Dataset:
**********

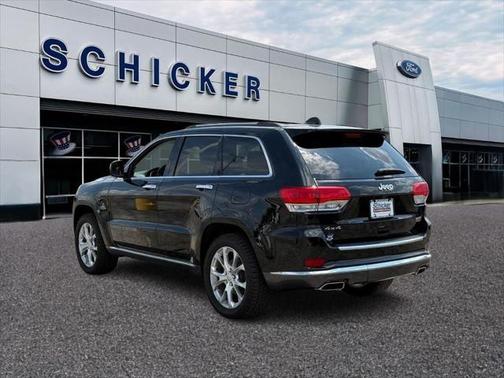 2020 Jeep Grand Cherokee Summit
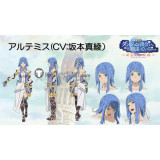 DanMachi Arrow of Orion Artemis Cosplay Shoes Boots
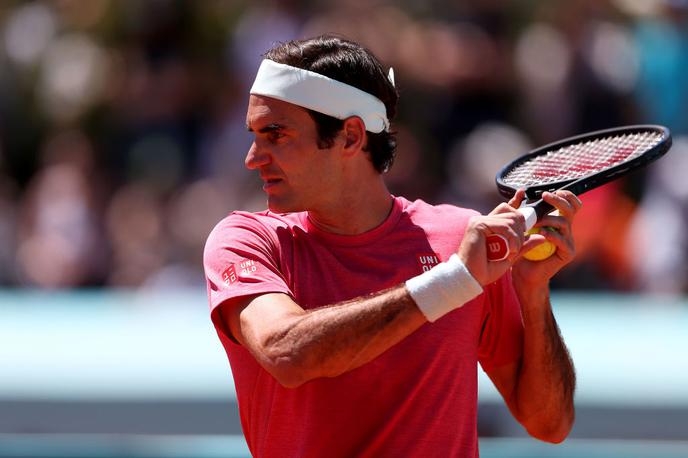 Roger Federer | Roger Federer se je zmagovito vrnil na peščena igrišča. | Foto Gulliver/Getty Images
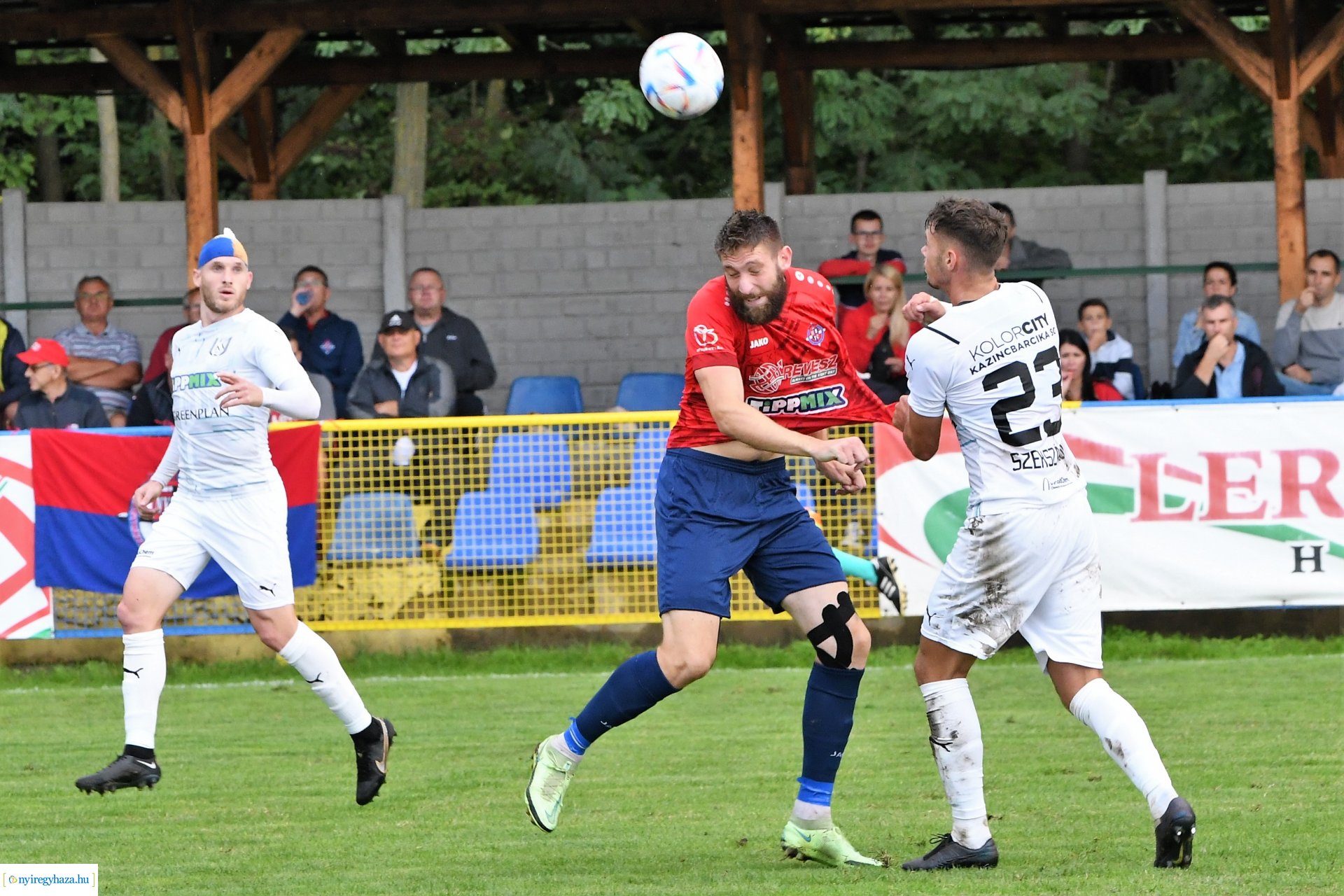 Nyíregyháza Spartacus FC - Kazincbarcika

**********

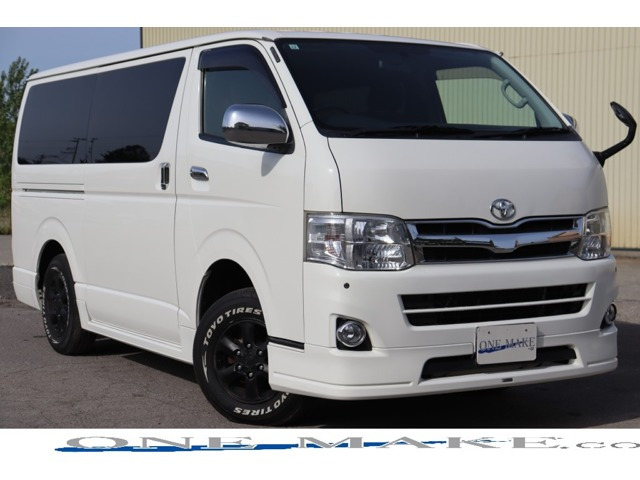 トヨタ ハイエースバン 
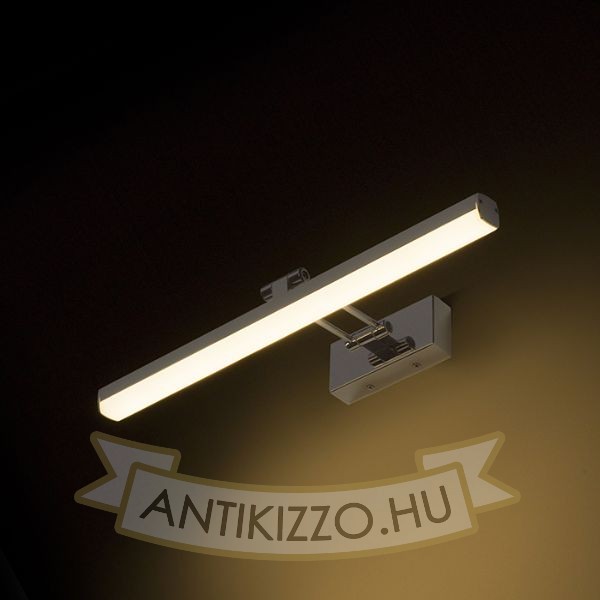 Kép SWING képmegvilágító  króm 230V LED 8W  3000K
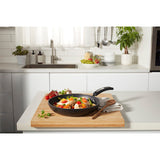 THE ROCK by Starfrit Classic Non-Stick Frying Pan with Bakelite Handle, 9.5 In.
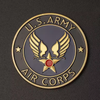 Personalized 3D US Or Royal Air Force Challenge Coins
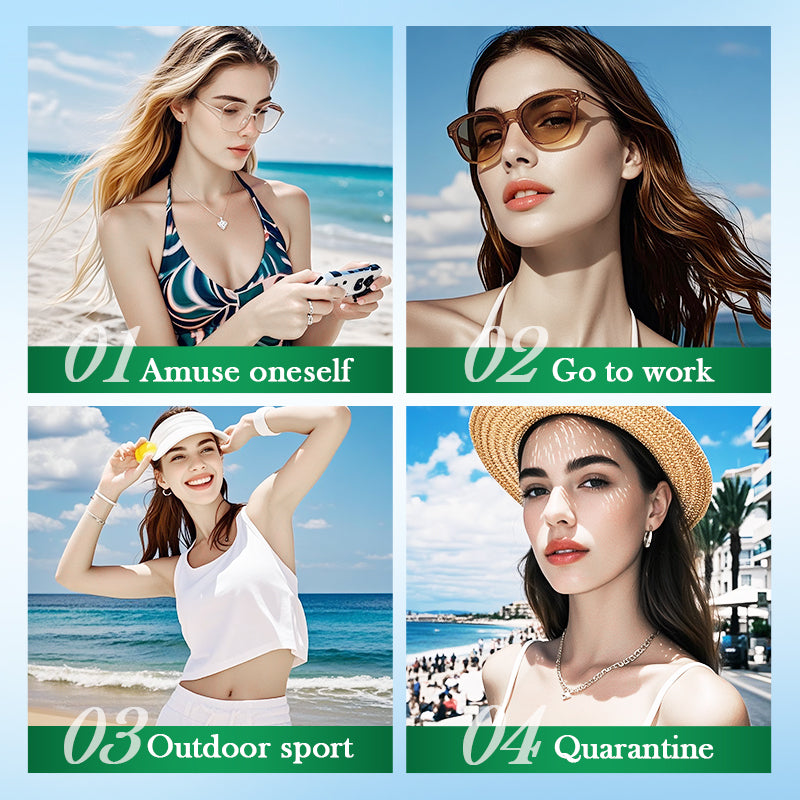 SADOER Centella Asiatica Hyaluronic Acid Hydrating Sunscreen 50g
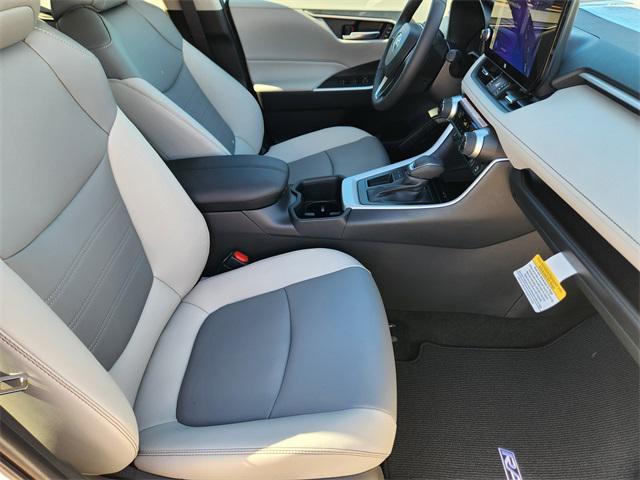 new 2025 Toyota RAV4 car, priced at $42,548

**********

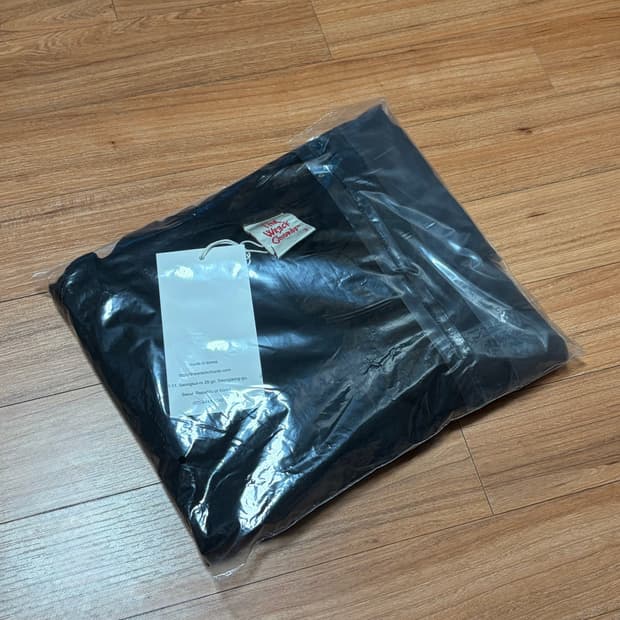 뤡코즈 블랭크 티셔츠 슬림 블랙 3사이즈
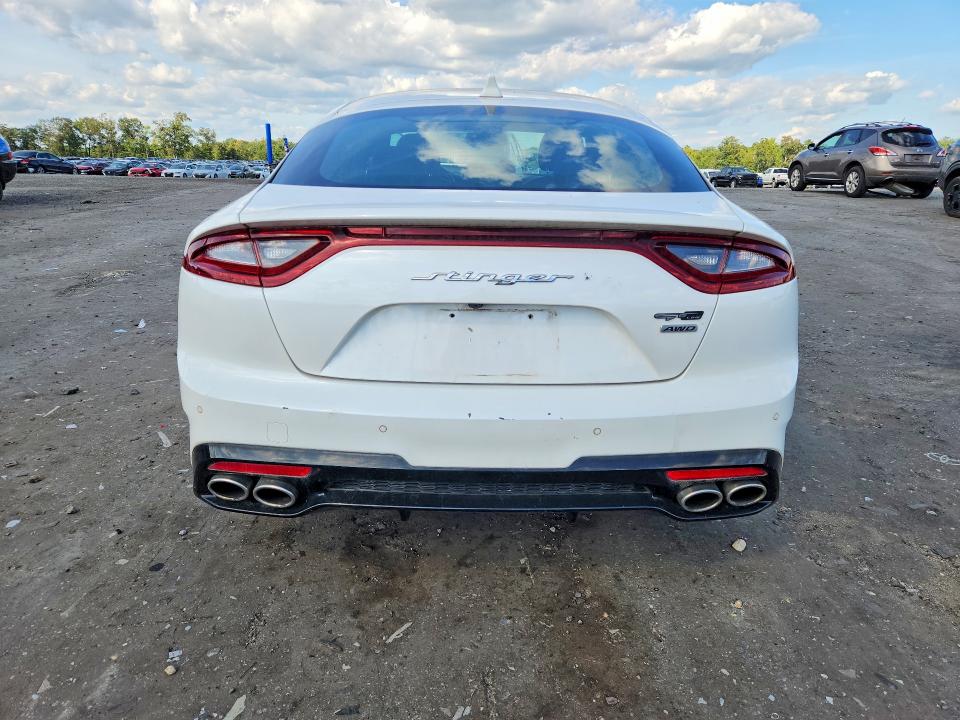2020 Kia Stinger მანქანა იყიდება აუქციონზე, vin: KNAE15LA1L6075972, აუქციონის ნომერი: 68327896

**********

How to complete this task:
Pictures excluded, transcribe the listing above exactly from the line with "2020 Jeep Grand Cherokee Summit" through the line with "Nyíregyháza Spartacus FC - Kazincbarcika", and no further.

Response for this exercise:
 2020 Jeep Grand Cherokee Summit
 DanMachi Arrow of Orion Artemis Cosplay Shoes Boots
 Roger Federer | Roger Federer se je zmagovito vrnil na peščena igrišča. | Foto Gulliver/Getty Images
 Nyíregyháza Spartacus FC - Kazincbarcika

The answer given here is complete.